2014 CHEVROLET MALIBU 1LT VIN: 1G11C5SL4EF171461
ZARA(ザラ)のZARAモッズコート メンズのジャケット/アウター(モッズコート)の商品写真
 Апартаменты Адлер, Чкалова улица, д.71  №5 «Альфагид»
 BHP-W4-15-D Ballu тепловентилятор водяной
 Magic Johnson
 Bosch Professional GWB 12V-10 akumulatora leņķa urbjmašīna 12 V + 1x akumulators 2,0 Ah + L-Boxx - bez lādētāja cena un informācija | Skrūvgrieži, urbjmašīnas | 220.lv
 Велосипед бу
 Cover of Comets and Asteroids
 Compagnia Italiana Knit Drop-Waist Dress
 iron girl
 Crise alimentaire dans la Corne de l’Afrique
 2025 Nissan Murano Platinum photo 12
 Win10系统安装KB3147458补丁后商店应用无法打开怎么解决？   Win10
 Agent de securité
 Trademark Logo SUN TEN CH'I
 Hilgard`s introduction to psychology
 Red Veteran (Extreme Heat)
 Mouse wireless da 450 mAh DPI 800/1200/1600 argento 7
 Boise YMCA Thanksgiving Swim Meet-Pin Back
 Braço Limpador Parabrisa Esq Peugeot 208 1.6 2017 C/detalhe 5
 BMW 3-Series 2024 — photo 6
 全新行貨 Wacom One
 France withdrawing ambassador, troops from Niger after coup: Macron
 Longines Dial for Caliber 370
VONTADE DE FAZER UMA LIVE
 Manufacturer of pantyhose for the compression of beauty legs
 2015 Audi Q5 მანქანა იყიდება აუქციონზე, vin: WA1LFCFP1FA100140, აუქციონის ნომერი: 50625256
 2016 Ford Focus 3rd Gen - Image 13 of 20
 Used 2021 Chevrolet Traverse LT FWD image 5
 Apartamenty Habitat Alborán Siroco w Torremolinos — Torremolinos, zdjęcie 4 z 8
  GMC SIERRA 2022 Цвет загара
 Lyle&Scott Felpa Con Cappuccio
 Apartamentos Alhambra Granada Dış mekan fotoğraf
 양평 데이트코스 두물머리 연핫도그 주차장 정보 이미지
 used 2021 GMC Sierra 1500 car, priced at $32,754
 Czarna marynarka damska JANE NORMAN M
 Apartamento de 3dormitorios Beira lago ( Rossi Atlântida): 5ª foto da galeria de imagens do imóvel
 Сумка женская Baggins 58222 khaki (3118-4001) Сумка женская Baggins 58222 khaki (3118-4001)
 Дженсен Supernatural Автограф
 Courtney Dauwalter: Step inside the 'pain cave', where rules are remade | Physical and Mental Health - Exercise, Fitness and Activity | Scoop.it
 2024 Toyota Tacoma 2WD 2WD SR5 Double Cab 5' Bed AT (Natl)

________________________________________

▶ _Problem to work on_: Reproduce exactly, and with no other material, the lines between those holding "Longines Dial for Caliber 370" and "Сумка женская Baggins 58222 khaki (3118-4001) Сумка", inclusive.

▶ _Answer section_:
 Longines Dial for Caliber 370
VONTADE DE FAZER UMA LIVE
 Manufacturer of pantyhose for the compression of beauty legs
 2015 Audi Q5 მანქანა იყიდება აუქციონზე, vin: WA1LFCFP1FA100140, აუქციონის ნომერი: 50625256
 2016 Ford Focus 3rd Gen - Image 13 of 20
 Used 2021 Chevrolet Traverse LT FWD image 5
 Apartamenty Habitat Alborán Siroco w Torremolinos — Torremolinos, zdjęcie 4 z 8
  GMC SIERRA 2022 Цвет загара
 Lyle&Scott Felpa Con Cappuccio
 Apartamentos Alhambra Granada Dış mekan fotoğraf
 양평 데이트코스 두물머리 연핫도그 주차장 정보 이미지
 used 2021 GMC Sierra 1500 car, priced at $32,754
 Czarna marynarka damska JANE NORMAN M
 Apartamento de 3dormitorios Beira lago ( Rossi Atlântida): 5ª foto da galeria de imagens do imóvel
 Сумка женская Baggins 58222 khaki (3118-4001) Сумка женская Baggins 58222 khaki (3118-4001)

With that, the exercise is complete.